In one scenario, it said the UK might retain access to the European Economic Area on similar terms, meaning it would be able to continue trading across the bloc without the need for individual country licences.
This would cause less disruption, it said, costing the industry up to 4,000 jobs and £2bn of revenues a year.
However, another scenario would see the UK quit the bloc “without any regulatory equivalence”.
This would cost the industry up to £20bn and 35,000 jobs, it said – although the “knock-on impact” on related business activities could cost a further £18bn and 40,000 jobs.

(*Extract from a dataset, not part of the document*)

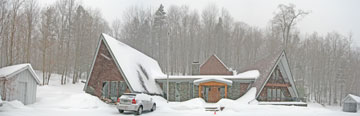 Heavy snow falling around the Birch Ridge Inn at Killington VT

Hector Sants, head of Oliver Wyman and former chief executive of the Financial Services Authority, told the BBC’s Today programme: “We are not taking a view on the outcome of the negotiations.
“What we have done here is to create a robust and independent database.”
He said he hoped the research would create a dialogue between the City and government.
“We are confident that these are numbers that people can coalesce around and discuss.”
But Kevin Dowd, an economics professor at Durham University and member of campaign group Economists for Brexit, called the report a “scare story”.
“The idea we would be held back by leaving the single market makes no sense,” he told the BBC.
“Most of our financial services business is actually outside the EU, and our share of business with the EU is declining anyway.”
He added: “Today we’re competing with Singapore, New York and Tokyo and so forth, and as far as the City is concerned, those places are the focus.”
He said the EU was not irrelevant, “just not that important”.
The Treasury said it was working to ensure companies continued to have access to the single market.
“The government has been speaking to the financial services industry to make sure that we understand fully the issues that matter to it as we prepare for negotiations to leave the EU,” it said in a statement.